Mercati azionari, ottimismo eccessivo?

A cura di Bert Flossbach, co-fondatore, e Tobias Schafföner, Investment Analyst di Flossbach von Storch

I mercati dei capitali restano nella morsa del Covid-19. All’inizio anche noi ci siamo chiesti se esistesse uno schema che potesse descrivere l’andamento della crisi e i suoi effetti a lungo termine, degli indizi, uno schema, magari come quelli della crisi finanziaria del 2008/2009. Ma questa volta non è così semplice!

Per questa ragione oggi continuiamo a concentrarci su aziende caratterizzate da un’elevata qualità, intesa come connubio di potenziale di crescita della stessa azienda e del suo “sistema immunitario”. Quest’ultimo è composto essenzialmente da due aspetti: la resilienza, ossia la capacità degli utili di resistere alle crisi, e la solidità del bilancio. Circa un terzo delle società in cui abbiamo investito ha una posizione di liquidità netta. Per fare un confronto, dei 30 componenti del Dax, solo due hanno queste caratteristiche.

Prospettive: “All-in” delle banche centrali

Dalla prospettiva attuale, anche se dovesse arrivare una “seconda ondata”, è improbabile che le misure da adottare avrebbero una portata analoga a quelle messe in campo finora. A nostro avviso, non si tornerà a ricorrere a rigide restrizioni, come un lockdown nazionale, nemmeno in Cina. Sebbene non sia stato ancora trovato un vaccino, in futuro le conoscenze acquisite sul virus, sulle possibilità di contagio e sul tasso di mortalità dovrebbero aiutare a intraprendere azioni più mirate.

Strategia di investimento

Senza voler prevedere l’evoluzione dei contagi, basiamo la nostra strategia d’investimento sugli effetti a lungo termine della pandemia, ossia la tendenza verso una maggiore digitalizzazione, l’aumento dell’indebitamento, soprattutto nei bilanci pubblici, e il consolidamento di uno scenario a tassi zero. Grazie ai giganteschi pacchetti di salvataggio di molti Stati, soprattutto degli Usa, e alla disponibilità quasi illimitata delle banche centrali a finanziarli, il pericolo di una battuta d’arresto dei mercati azionari paventato a marzo sembra piuttosto improbabile.
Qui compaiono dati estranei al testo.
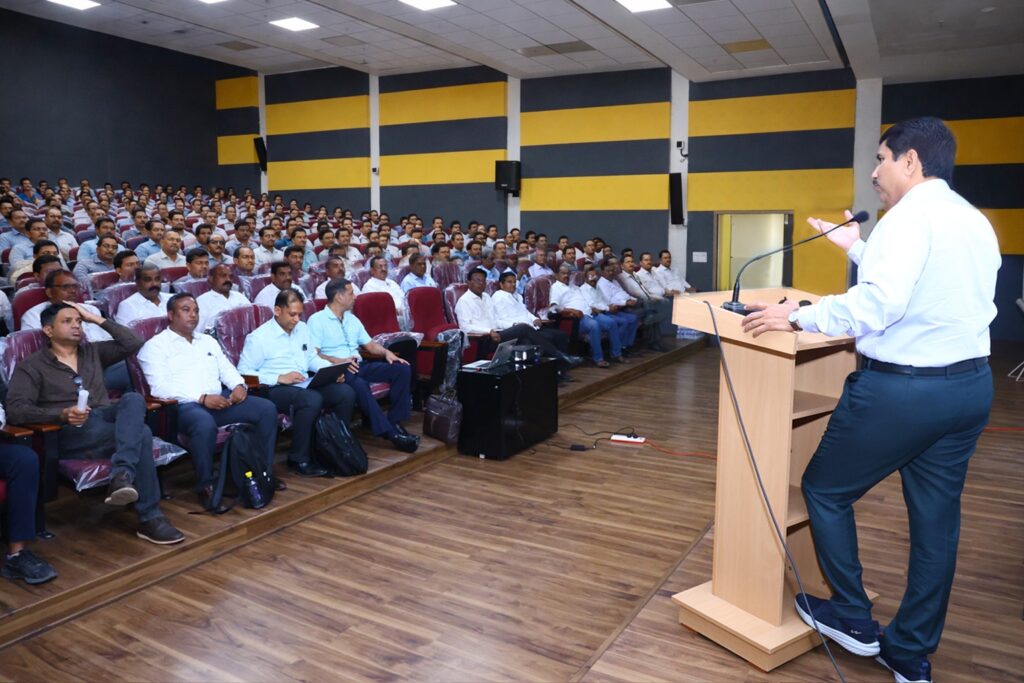 पर्यावरण संवर्धनादृष्टीने हरित ऊर्जा आणि घनकचरा व्यवस्थापनावर भर द्यावा-हनुमंत पाटील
Nondimeno, il recente rally delle azioni ha già scontato un rapido ritorno alla normalità. Considerate le profonde incertezze sugli effetti a medio termine della pandemia e l’escalation delle tensioni fra Usa e Cina, questo ottimismo sembra esagerato. D’altro canto, si registra ora una carenza di investimenti redditizi, dovuta al livello storicamente basso dei tassi d’interesse negli Usa, il che ha aumentato l’attrattiva delle azioni e ha contribuito a un incremento sproporzionato delle quotazioni sulle borse americane. Il fatto che i rendimenti dei Treasury statunitensi decennali siano scesi per la prima volta sotto l’1% dovrebbe far capire a molti investitori americani che le azioni sembrano rappresentare ormai l’unica alternativa proficua. Dal punto di vista degli investimenti, infatti, un tale livello di tassi d’interesse non può che apparire assurdo.

L’aumento dei prezzi azionari, combinato con il calo degli utili aziendali, ha spinto le valutazioni a livelli inimmaginabili, giustificabili solo a fronte di una rapida ripresa dei profitti e di tassi d’interesse permanentemente bassi. Ciò significa che la sostenibilità futura dei mercati finanziari dipenderà ancora di più da una politica monetaria espansiva. I massicci incentivi messi in campo durante la crisi rappresentano una forma precoce di “helicopter money”, distribuito dai governi nazionali e finanziato (indirettamente) dalle banche centrali.

Con queste premesse, continuiamo a privilegiare beni materiali, come le azioni e l’oro (non fisico). Poiché è improbabile che la ripresa dell’economia reale e il ritorno allo status quo precedente avvengano così rapidamente come attualmente sperato, abbiamo confermato la copertura su parte dell’esposizione azionaria. Ci concentriamo su società con un’elevata continuità degli utili, bilanci solidi e un potenziale di crescita a lungo termine. Con questa attenzione alla qualità delle società in cui investiamo, i portafogli sono “a prova di crisi”, indipendentemente dalla loro esposizione azionaria.